It is unclear what you mean by "represent the idea in mathematics", but I suspect that you're working from too high an assumption about of what mathematics requires. Except for a few very specialized fields, mathematics is not code. When you're writing mathematics, you're writing for people, and the only thing that matters is getting your point across as clearly as possible. Sometimes this calls for the use of formulas and symbolism; at other times it doesn't.

In this case, your initial informal presentation is quite understandable and therefore fine to use in an argument. The reader will, however, wonder whether it makes a difference for the result how you choose the two elements to operate on; you owe him some kind of proof that it doesn't. The most straightforward way to do this is to prove that the operation $(x,y)\mapsto xy+x+y$ is associative and commutative. With many audiences it will actually suffice just to assert that the operation is associative and commitative, leaving it to the reader to carry out the simple proofs if he doubts it. But you do have to at least assert it explicitly.
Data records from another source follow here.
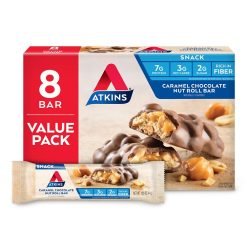 Atkins Snack Bar, Caramel Chocolate Nut Roll, 8 Count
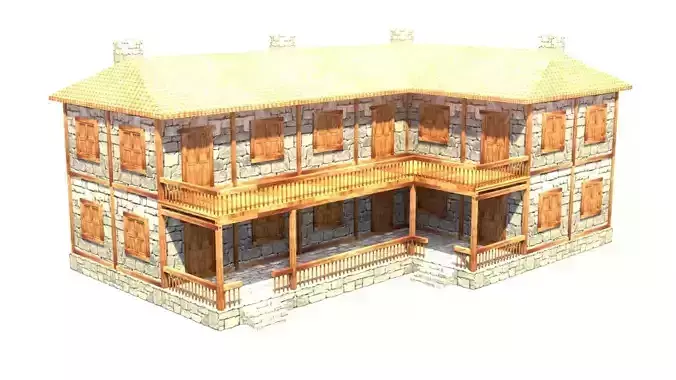 medieval house low poly village town residential house  116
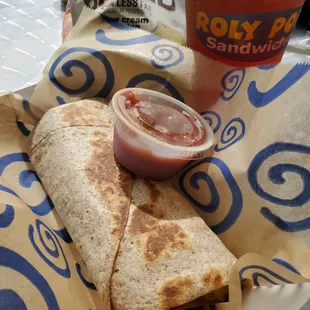 a burrito and a drink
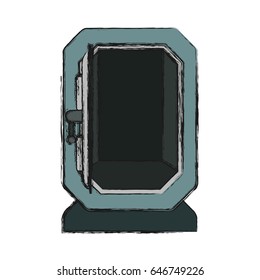 silver metal strong box open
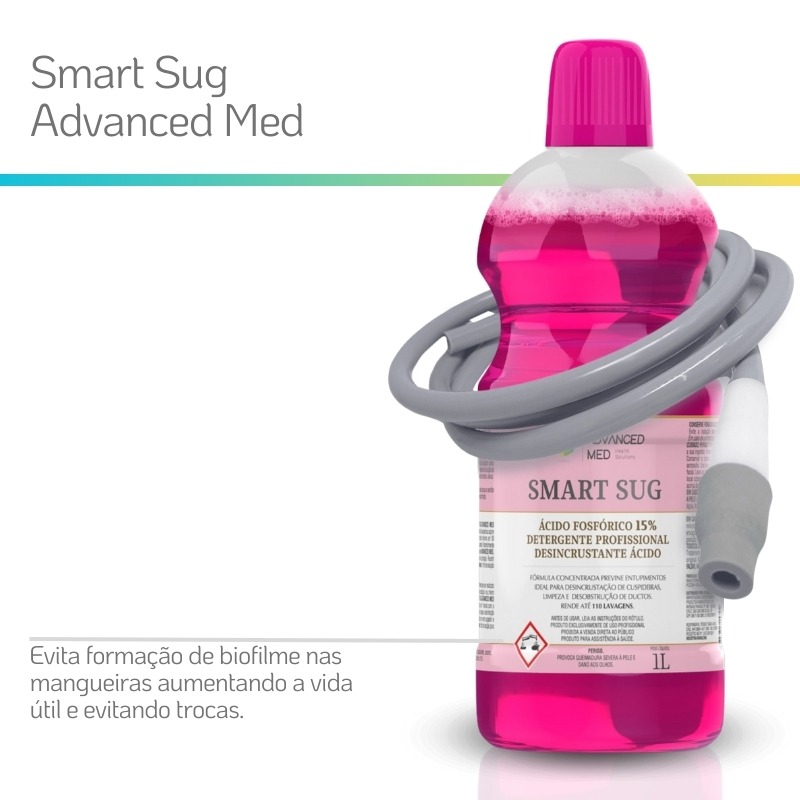 <img decoding= SMART SUG – Detergente desincrustante ácido para limpeza de mangueiras de sucção odontológicas, removendo biofilmes e prevenindo entupimentos.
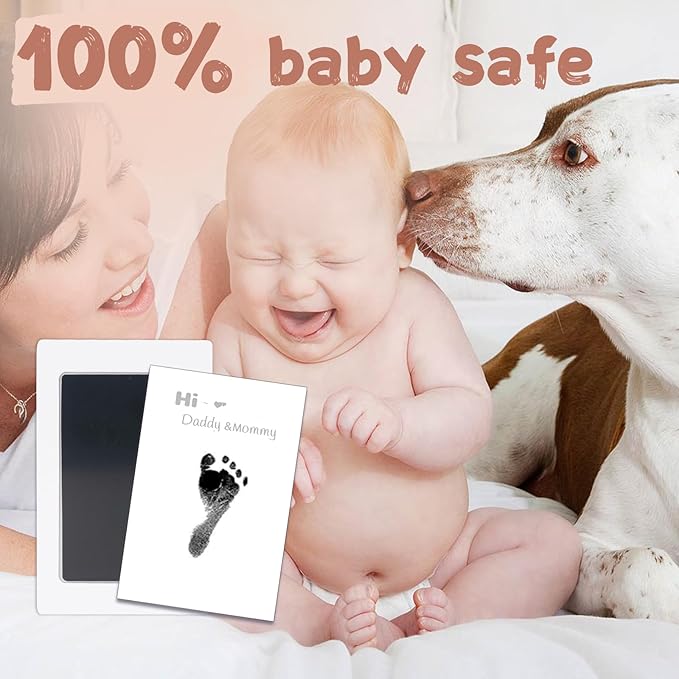 Inkless Baby Hand and Footprint Kit,Clean-Touch Ink Pad Kit,Safe No Mess Printing Infant Hand Foot Stamp,4 Pack Newborn Inkless Print Pads Best Keepsake or Gifts for Family-CubbioJoy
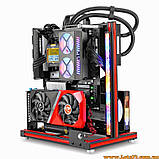 Алюмінієвий відкритий корпус open frame для комп’ютера материнських плат atx matx з горизонтальним кріпленням відеокарти, фото 4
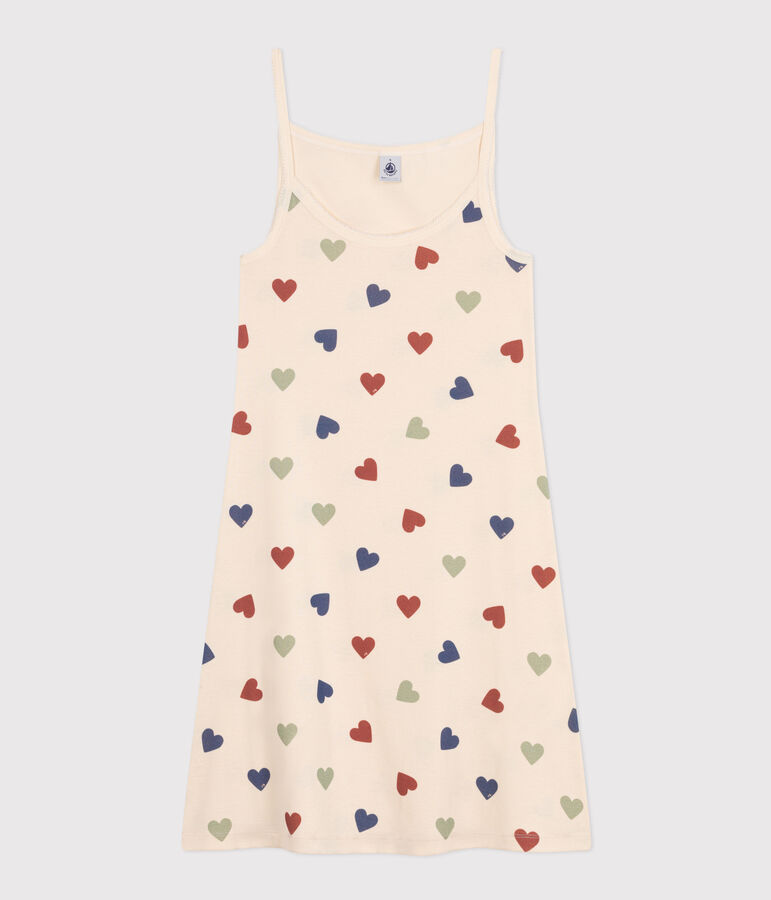 Camis&oacute;n de algod&oacute;n con motivo de coraz&oacute;n para mujer crudo/multicolor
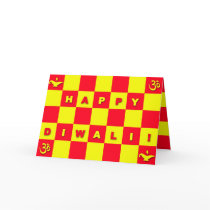 Red & Yellow Check Diwali Card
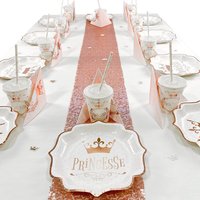 Prinzessin Tischdeko Set zum Geburtstag bis 10 Gäste, 52-teilig bestehend aus Teller, Becher, Halme inkl. Deckel, Servietten, Tischläufer und Prinzessinnen Konfetti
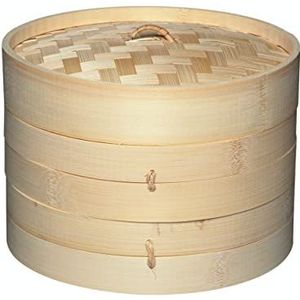 KitchenCraft - Bamboe Stoommand - Middelgroot - Twee Lagen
If you don't want to deal with the freedom to do the operation in different orders, you could say something like

Let $f(x,y)=xy+x+y$, and consider $q=f(f(\cdots f(f(a_1,a_2),a_3), \cdots),a_n)$.

Unless you're in a classroom setting where you're supposed to demonstrate that you know how to unfold "$\ldots$" into formally recursive definitions, this is perfectly acceptable, and much easier on the reader than the explicit recursion that you'd have to use to make yourself understood by a computer.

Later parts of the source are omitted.